Comprehensive coverage for ECAT mastery of sequences and series.

Proofs of AP Formulas:

General term proof by induction: Base case ($n=1$): $a_1 = a + 0 \cdot d$ ✓ Inductive step: Assume $a_k = a + (k-1)d$. Then: $$a_{k+1} = a_k + d = a + (k-1)d + d = a + kd$$ which is the formula with $n = k+1$. Hence proved.

Sum formula proof: $$S_n = a + (a+d) + (a+2d) + … + (a+(n-1)d)$$ Writing backwards: $$S_n = (a+(n-1)d) + (a+(n-2)d) + … + a$$ Adding: $$2S_n = [2a + (n-1)d] + [2a + (n-1)d] + … \text{ (n times)}$$ $$S_n = \frac{n}{2}[2a + (n-1)d] \quad \blacksquare$$

AP in Sum of Series — Worked Examples:

Example: Sum of squares vs. arithmetic progression While AP deals with linear sequences, sums like $1^2 + 2^2 + … + n^2$ form a different pattern. But AP questions often appear in disguised form. Consider: “The sum of the first $n$ terms of a sequence is $S_n = 3n^2 + 5n$. Show it’s an AP.” $a_1 = 3(1)^2 + 5(1) = 8$. $a_2 = 3(4) + 10 = 22$. $a_3 = 3(9) + 15 = 42$. Differences: $22-8 = 14$, $42-22 = 20$ — not constant. Wait: $S_n - S_{n-1} = a_n = 3n^2 + 5n - [3(n-1)^2 + 5(n-1)] = 3n^2 + 5n - [3(n^2 - 2n + 1) + 5n - 5] = 3n^2 + 5n - 3n^2 + 6n - 3 - 5n + 5 = 6n + 2$. So $a_n = 6n + 2$. This is an AP with first term $a_1 = 8$ and $d = 6$.

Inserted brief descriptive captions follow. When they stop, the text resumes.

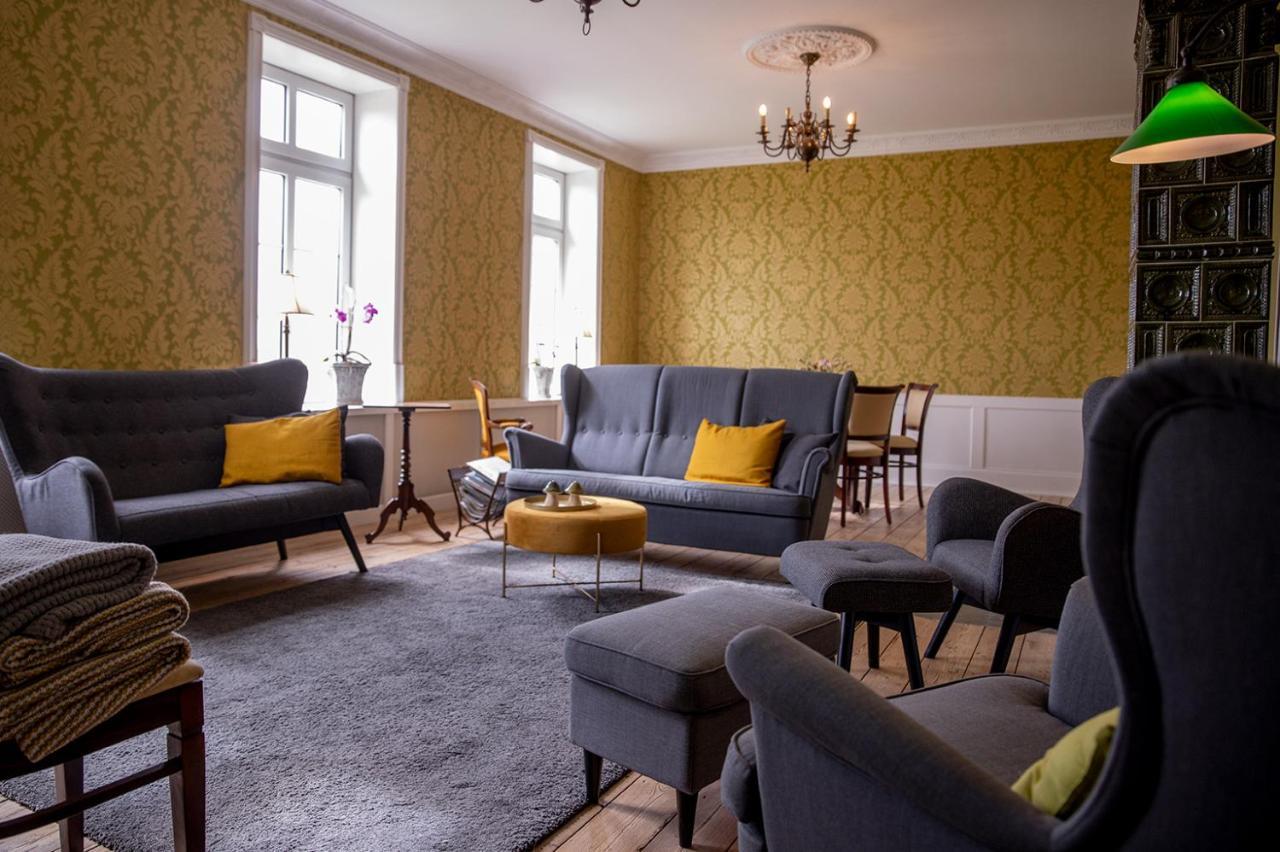 Lindegaarden Kollund Bed & Breakfast Krusa Luaran gambar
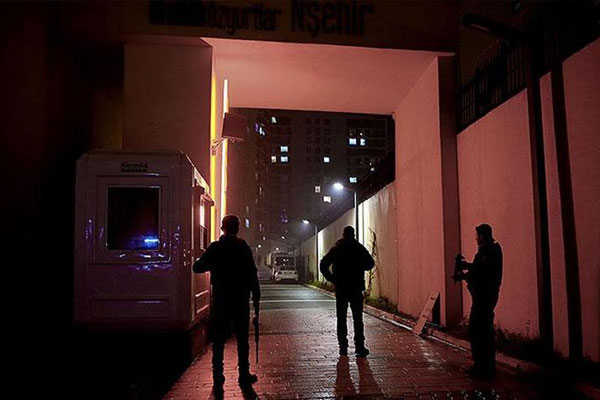 Görgü tanıkları operasyonu anlattı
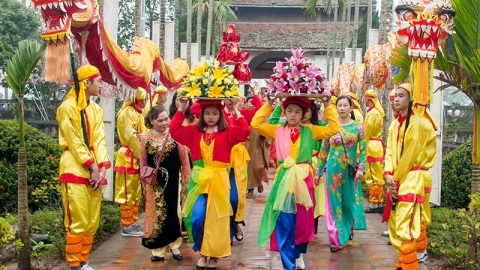 Nam Định – điểm hẹn du lịch hấp dẫn du khách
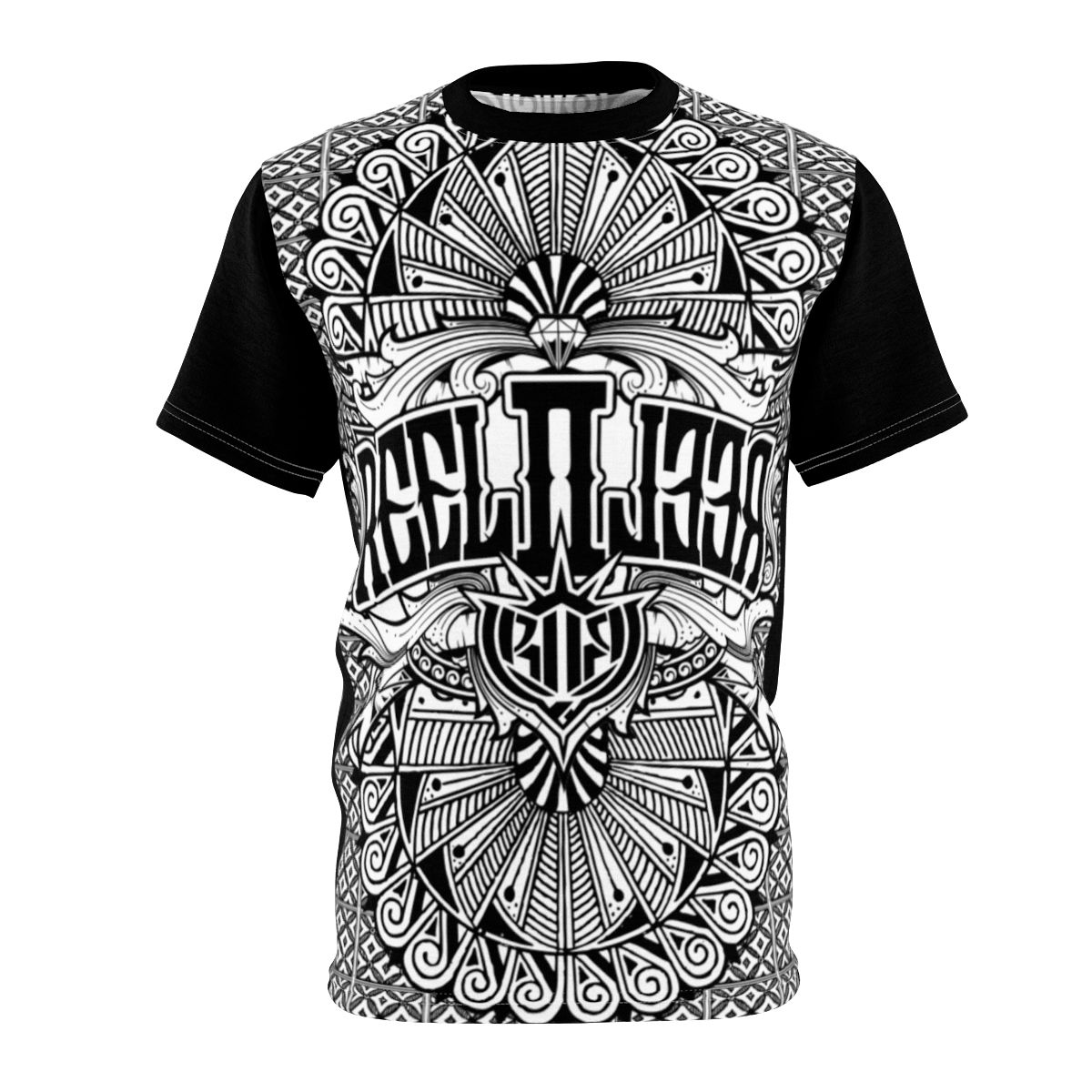 Unisex Cut & Sew Tee (AOP)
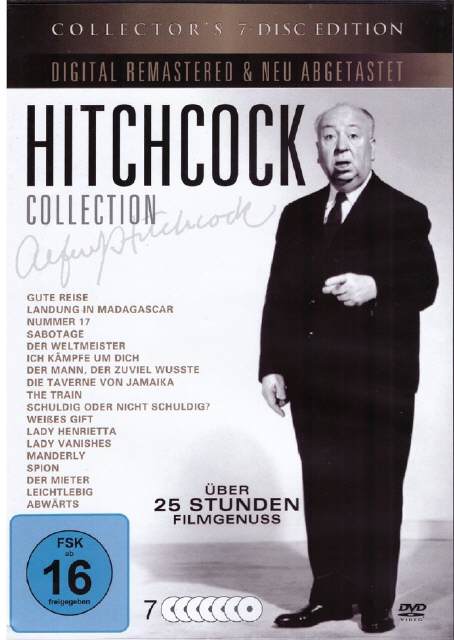Alfred Hitchcock Collection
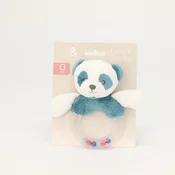 Cute&Cool plišana plasticna zvecka panda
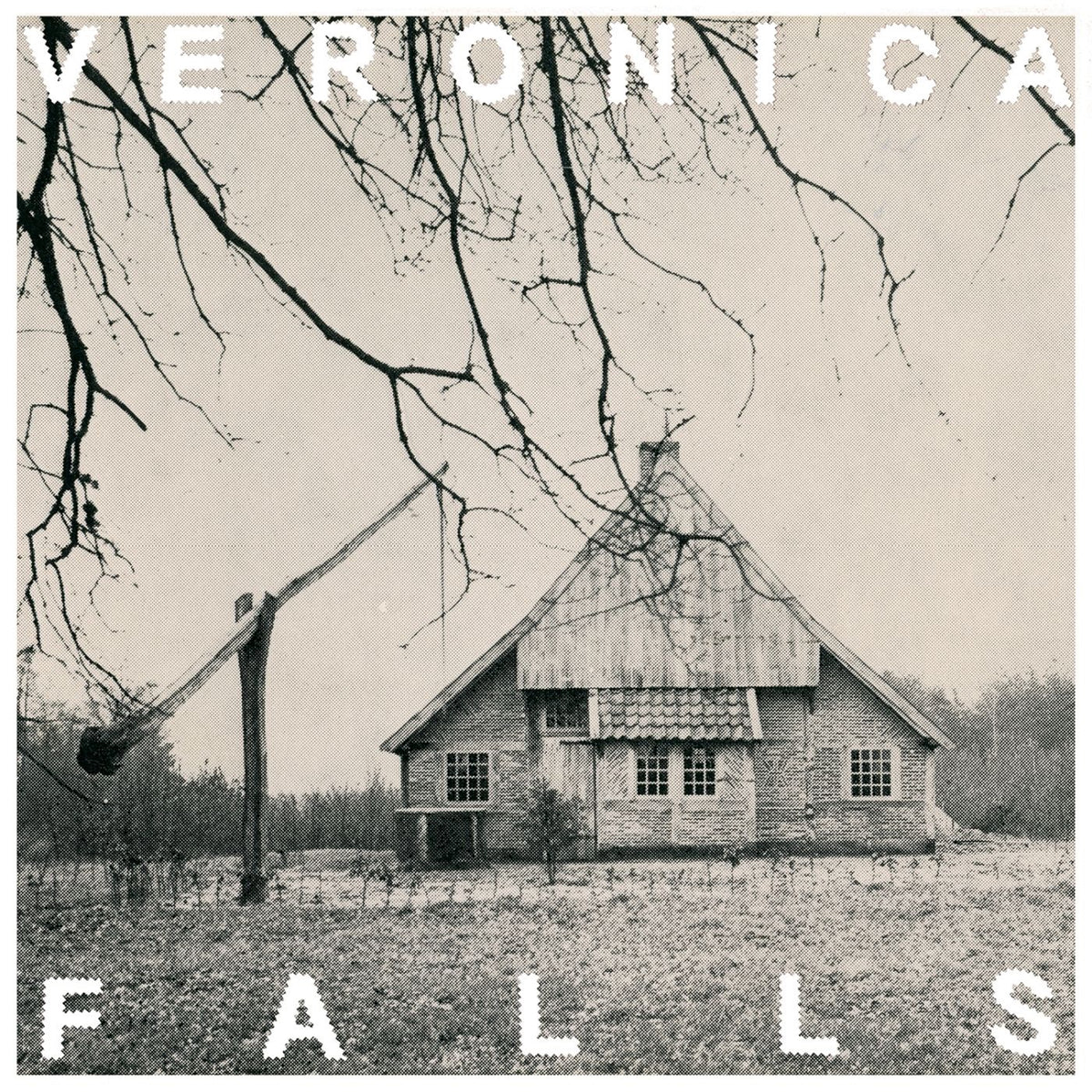 Veronica Falls - Veronica Falls Album Cover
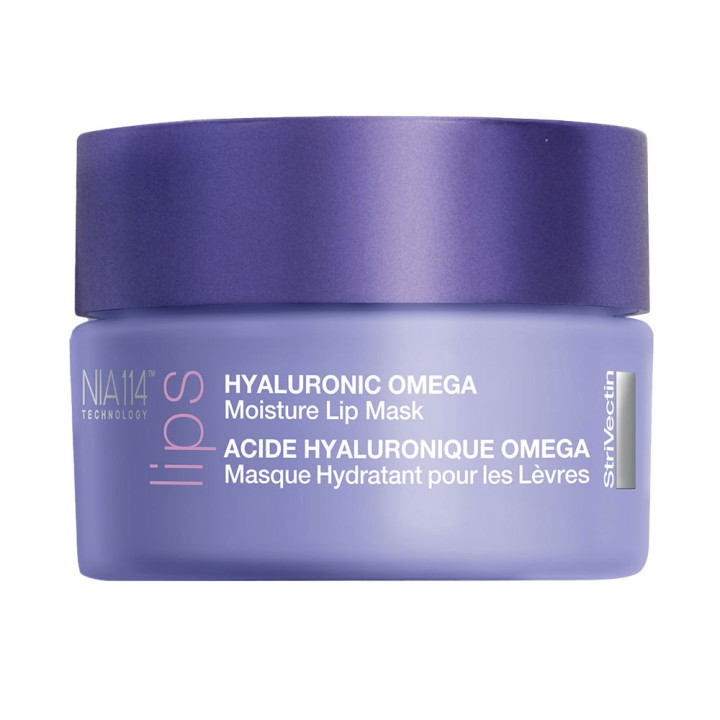 Masca hidratanta pentru buze cu acid hialuronic StriVectin HYALURONIC OMEGA 10 ml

Harmonic Progression (HP) — Brief Introduction:

A sequence is in HP if the reciprocals are in AP. The harmonic mean of $a$ and $b$ is $\frac{2ab}{a+b}$. There is no simple formula for the sum of HP terms (unlike AP). ECAT rarely asks for HP sum directly, but may ask for the harmonic mean.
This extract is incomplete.